The earliest account of their lives is a Passion of the Martyr Saints Protus and Hyacinth (BHL 2667). Novel-like in composition, it was written in Latin in Italy between 450 and 499. This states that they served as eunuch chamberlains to Saint Eugenia, and were baptized along with her by Helenus, Bishop of Heliopolis. Devoting themselves zealously to the study of sacred scripture, they lived with the hermits of Egypt and later accompanied Eugenia to Rome. There, they were arrested for their Christianity by Emperor Gallienus (260–268). Refusing to deny their faith, they were first scourged and then beheaded on 11 September 258. That Passion is now thought to be a novelistic creation to create a hagiography for two saints for whom none was yet known and to link them to Eugenia, thought to be fictitious.

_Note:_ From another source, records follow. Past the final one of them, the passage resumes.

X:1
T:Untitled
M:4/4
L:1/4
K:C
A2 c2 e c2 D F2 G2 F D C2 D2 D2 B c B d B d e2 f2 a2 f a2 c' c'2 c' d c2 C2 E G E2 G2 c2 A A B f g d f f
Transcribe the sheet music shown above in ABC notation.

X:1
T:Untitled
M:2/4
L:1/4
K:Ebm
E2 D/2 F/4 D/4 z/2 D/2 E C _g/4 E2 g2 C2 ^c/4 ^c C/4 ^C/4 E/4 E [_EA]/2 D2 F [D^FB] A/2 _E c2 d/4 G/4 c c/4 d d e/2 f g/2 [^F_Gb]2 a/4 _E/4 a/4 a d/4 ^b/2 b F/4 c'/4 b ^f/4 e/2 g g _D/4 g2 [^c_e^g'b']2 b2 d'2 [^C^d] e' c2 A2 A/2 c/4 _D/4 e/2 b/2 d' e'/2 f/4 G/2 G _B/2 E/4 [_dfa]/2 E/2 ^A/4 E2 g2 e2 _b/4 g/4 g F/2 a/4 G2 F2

Pope Damasus I wrote an epitaph in honor of the two martyrs, part of which still exists, in which he calls Protus and Hyacinth "brothers".

==Graves==
The Chronograph of 354 mentions that they were buried together in the coemeterium of Basilla on the Via Salaria, later the Catacomb of Sant'Ermete. The "Itineraries" and other early authorities likewise give this as their place of burial. When Pope Leo IV (847–855) transferred the bones of many Roman martyrs to the churches of Rome, the relics of these two saints were to be translated also; but, probably on account of the devastation of the burial chamber, only the grave of St. Protus was found at that time and his remains transferred to San Salvatore on the Palatine Hill.

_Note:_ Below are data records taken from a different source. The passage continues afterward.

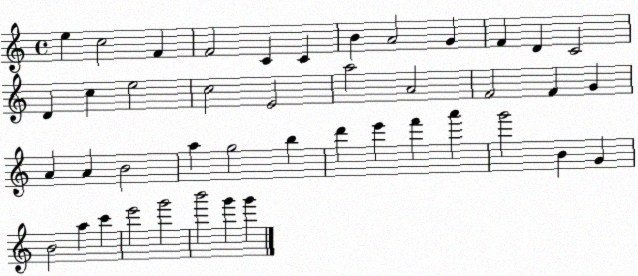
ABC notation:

X:1
T:Untitled
M:4/4
L:1/4
K:C
e c2 F F2 C C B A2 G F D C2 D c e2 c2 E2 a2 A2 F2 F G A A B2 a g2 b d' e' f' a' g'2 B G B2 a c' e'2 g'2 b'2 g' g'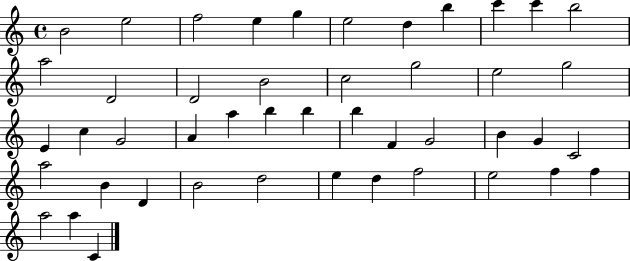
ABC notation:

X:1
T:Untitled
M:4/4
L:1/4
K:C
B2 e2 f2 e g e2 d b c' c' b2 a2 D2 D2 B2 c2 g2 e2 g2 E c G2 A a b b b F G2 B G C2 a2 B D B2 d2 e d f2 e2 f f a2 a C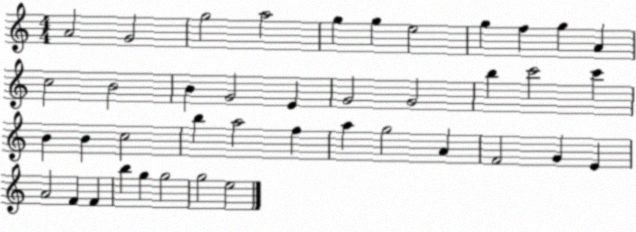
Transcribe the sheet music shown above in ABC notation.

X:1
T:Untitled
M:4/4
L:1/4
K:C
A2 G2 g2 a2 g g e2 g f g A c2 B2 B G2 E G2 G2 b c'2 c' B B c2 b a2 f a g2 A F2 G E A2 F F b g g2 g2 e2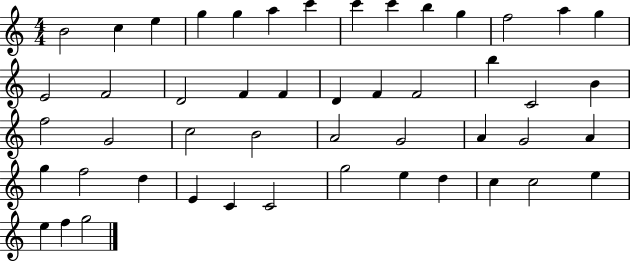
{
  \clef treble
  \numericTimeSignature
  \time 4/4
  \key c \major
  b'2 c''4 e''4 | g''4 g''4 a''4 c'''4 | c'''4 c'''4 b''4 g''4 | f''2 a''4 g''4 | \break e'2 f'2 | d'2 f'4 f'4 | d'4 f'4 f'2 | b''4 c'2 b'4 | \break f''2 g'2 | c''2 b'2 | a'2 g'2 | a'4 g'2 a'4 | \break g''4 f''2 d''4 | e'4 c'4 c'2 | g''2 e''4 d''4 | c''4 c''2 e''4 | \break e''4 f''4 g''2 | \bar "|."
}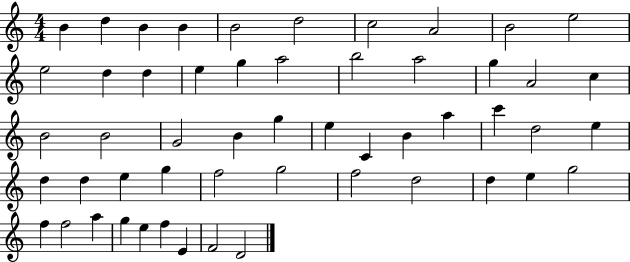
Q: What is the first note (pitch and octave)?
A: B4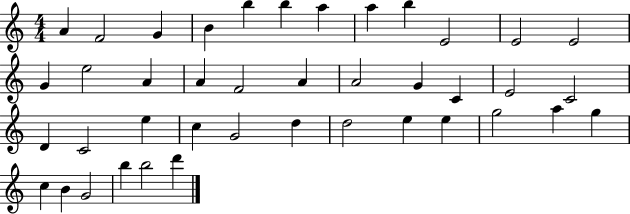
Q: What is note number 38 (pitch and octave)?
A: G4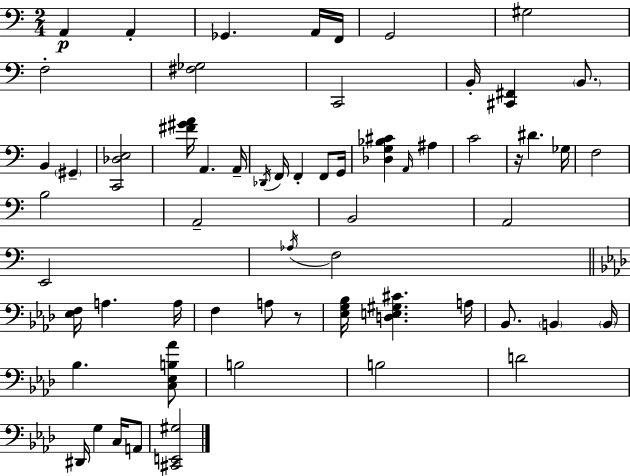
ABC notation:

X:1
T:Untitled
M:2/4
L:1/4
K:Am
A,, A,, _G,, A,,/4 F,,/4 G,,2 ^G,2 F,2 [^F,_G,]2 C,,2 B,,/4 [^C,,^F,,] B,,/2 B,, ^G,, [C,,_D,E,]2 [^F^GA]/4 A,, A,,/4 _D,,/4 F,,/4 F,, F,,/2 G,,/4 [_D,G,_B,^C] A,,/4 ^A, C2 z/4 ^D _G,/4 F,2 B,2 A,,2 B,,2 A,,2 E,,2 _A,/4 F,2 [_E,F,]/4 A, A,/4 F, A,/2 z/2 [_E,G,_B,]/4 [D,E,^G,^C] A,/4 _B,,/2 B,, B,,/4 _B, [C,_E,B,_A]/2 B,2 B,2 D2 ^D,,/4 G, C,/4 A,,/2 [^C,,E,,^G,]2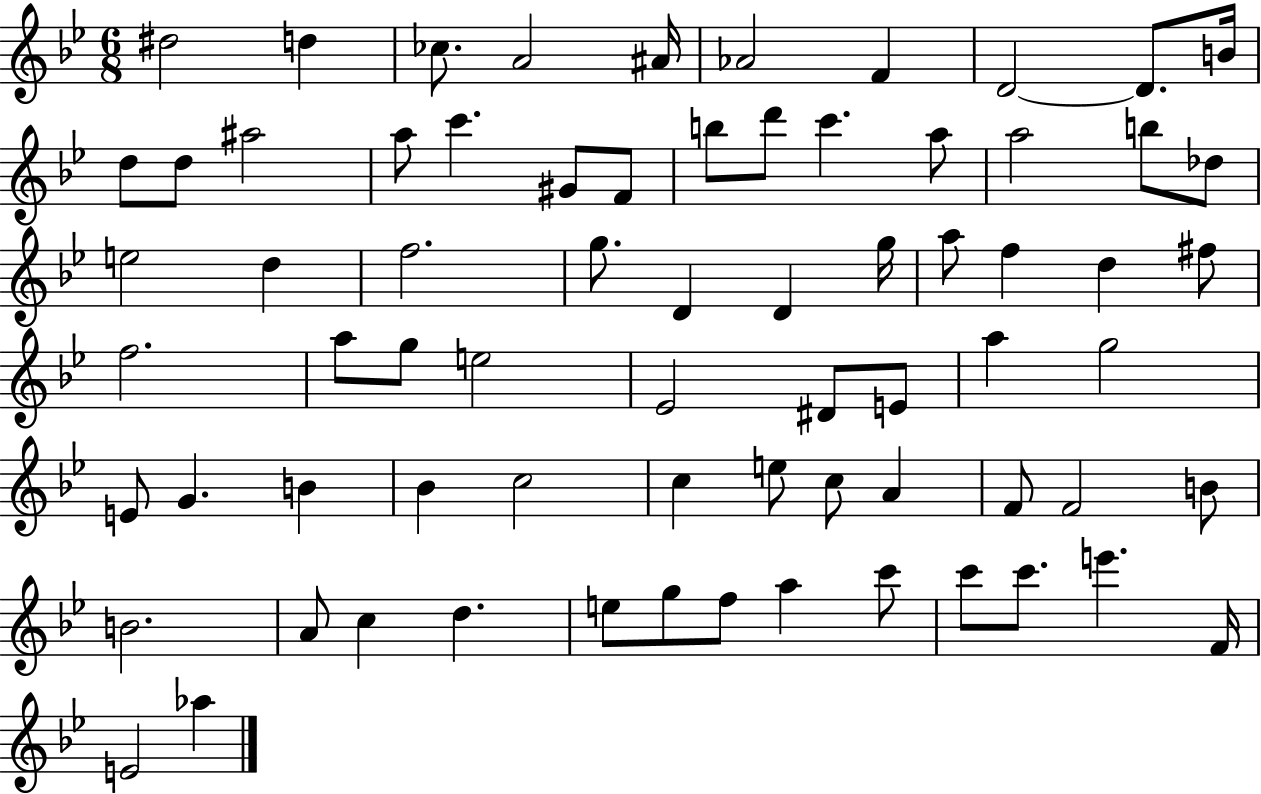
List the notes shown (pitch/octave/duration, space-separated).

D#5/h D5/q CES5/e. A4/h A#4/s Ab4/h F4/q D4/h D4/e. B4/s D5/e D5/e A#5/h A5/e C6/q. G#4/e F4/e B5/e D6/e C6/q. A5/e A5/h B5/e Db5/e E5/h D5/q F5/h. G5/e. D4/q D4/q G5/s A5/e F5/q D5/q F#5/e F5/h. A5/e G5/e E5/h Eb4/h D#4/e E4/e A5/q G5/h E4/e G4/q. B4/q Bb4/q C5/h C5/q E5/e C5/e A4/q F4/e F4/h B4/e B4/h. A4/e C5/q D5/q. E5/e G5/e F5/e A5/q C6/e C6/e C6/e. E6/q. F4/s E4/h Ab5/q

In 1845, Father Giuseppe Marchi discovered the still undisturbed grave of St. Hyacinth in a crypt of the same catacomb. It was a small square niche in which lay the ashes and pieces of burned bone (many martyrdoms at that time were by fire) wrapped in the remains of costly stuffs. The niche was closed by a marble slab similar to that used to close a loculus, and bearing the original Latin inscription that confirmed the date in the old Roman Martyrology:

D P III IDUS SEPTEBR

YACINTHUS

MARTYR

(Buried on 11 September Hyacinthus Martyr).

In the same chamber were found fragments of an architrave belonging to some later decoration, with the words:

. . . S E P U L C R U M P R O T I M(artyris) . . .

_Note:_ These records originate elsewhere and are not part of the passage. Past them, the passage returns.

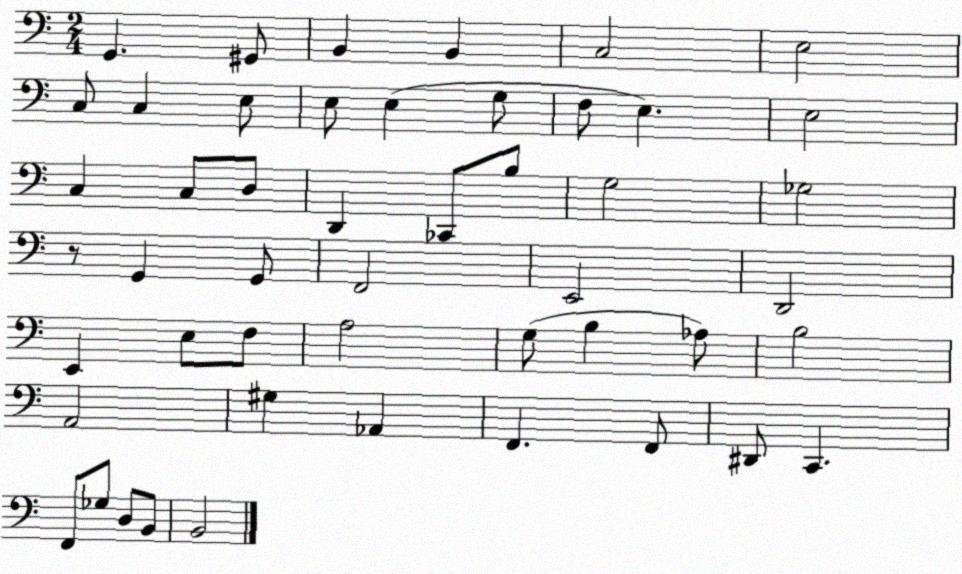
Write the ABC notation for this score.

X:1
T:Untitled
M:2/4
L:1/4
K:C
G,, ^G,,/2 B,, B,, C,2 E,2 C,/2 C, E,/2 E,/2 E, G,/2 F,/2 E, E,2 C, C,/2 D,/2 D,, _C,,/2 B,/2 G,2 _G,2 z/2 G,, G,,/2 F,,2 E,,2 D,,2 E,, E,/2 F,/2 A,2 G,/2 B, _A,/2 B,2 A,,2 ^G, _A,, F,, F,,/2 ^D,,/2 C,, F,,/2 _G,/2 D,/2 B,,/2 B,,2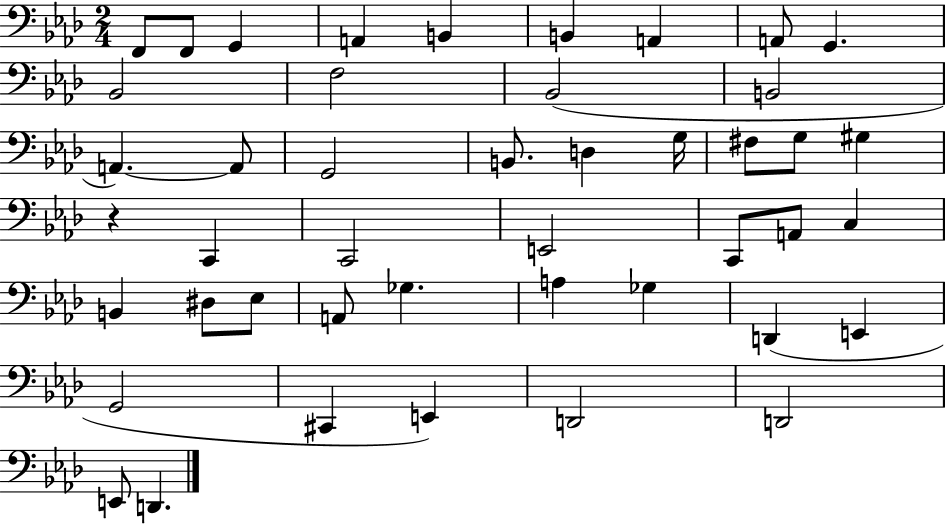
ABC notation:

X:1
T:Untitled
M:2/4
L:1/4
K:Ab
F,,/2 F,,/2 G,, A,, B,, B,, A,, A,,/2 G,, _B,,2 F,2 _B,,2 B,,2 A,, A,,/2 G,,2 B,,/2 D, G,/4 ^F,/2 G,/2 ^G, z C,, C,,2 E,,2 C,,/2 A,,/2 C, B,, ^D,/2 _E,/2 A,,/2 _G, A, _G, D,, E,, G,,2 ^C,, E,, D,,2 D,,2 E,,/2 D,,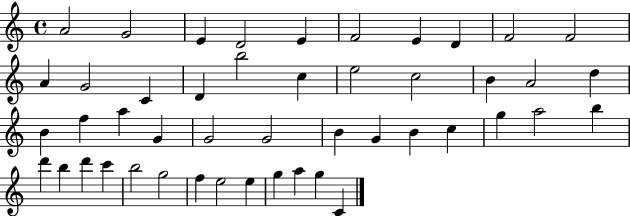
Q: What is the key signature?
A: C major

(Grave of the Martyr Protus)

This proved that both martyrs had originally been buried in the same crypt. In June 1933 Hyacinth's remains were placed in the chapel of the Propaganda College. Later, the tombs of the two saints and a stairway built at the end of the fourth century were discovered and restored.

==Cult in England==
St Protus and St Hyacinth's Church, Blisland in Cornwall was dedicated to Saint Protus. It is known locally as St Pratts.